Ne nasce un documento, pubblicato il 13 maggio, importantissimo, che per la prima volta connette, misura, declina riflessioni, ricerca e impegno in un orizzonte comune, ponendo il disastro climatico come dimensione politica del nostro tempo e come terreno della battaglia per i diritti. Il clima è il cardine di tutte le lotte di giustizia sociale e ambientale. È un principio di valenza costituzionale, come emerge anche da una proposta d’integrazione della costituzione tedesca avanzata fin dal 2006 in base alla quale “Lo stato deve osservare il principio di sostenibilità nelle sue azioni e proteggere gli interessi delle generazioni”. Questa consapevolezza sembra emergere anche dal Fridays for future, il movimento messo in moto dalla protesta di Greta Thunberg. 
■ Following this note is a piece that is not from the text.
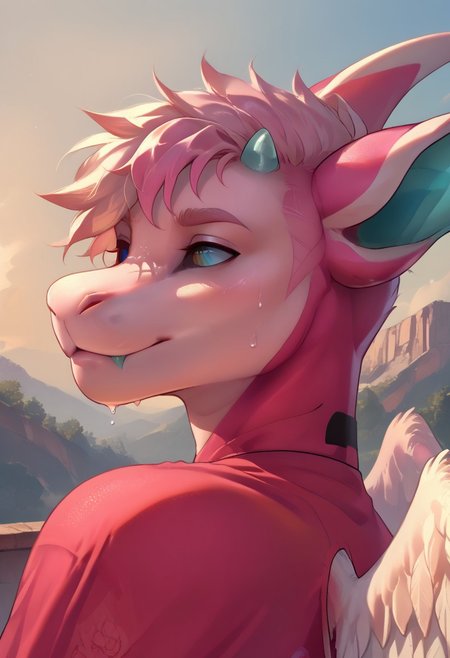 score_9, score_8_up, score_7_up, (by shinodage), outdoor, sexy, sweat, dutch angle, looking aside, high quality, hires, solo, anthro, furry, detailed background, detailed eyes, emotional, easynegative, Split Lighting style,
lumi_senpaiithon, dragon, horns, pink body, anthro, hair, blue tongue, 1boy, heterochromia, smile, colored sclera, black sclera, pink skin, male focus, wings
La vita umana sul pianeta è messa in discussione da poteri globali che ne traggono vantaggio, con depredazioni sistematiche di suolo e risorse idriche, privatizzazioni dei beni comuni, liberalizzazioni del commercio di materie prime, trattati economici iniqui e politiche di “risanamento del debito”. È in questa cornice che vanno ristabiliti i diritti delle comunità e dei singoli.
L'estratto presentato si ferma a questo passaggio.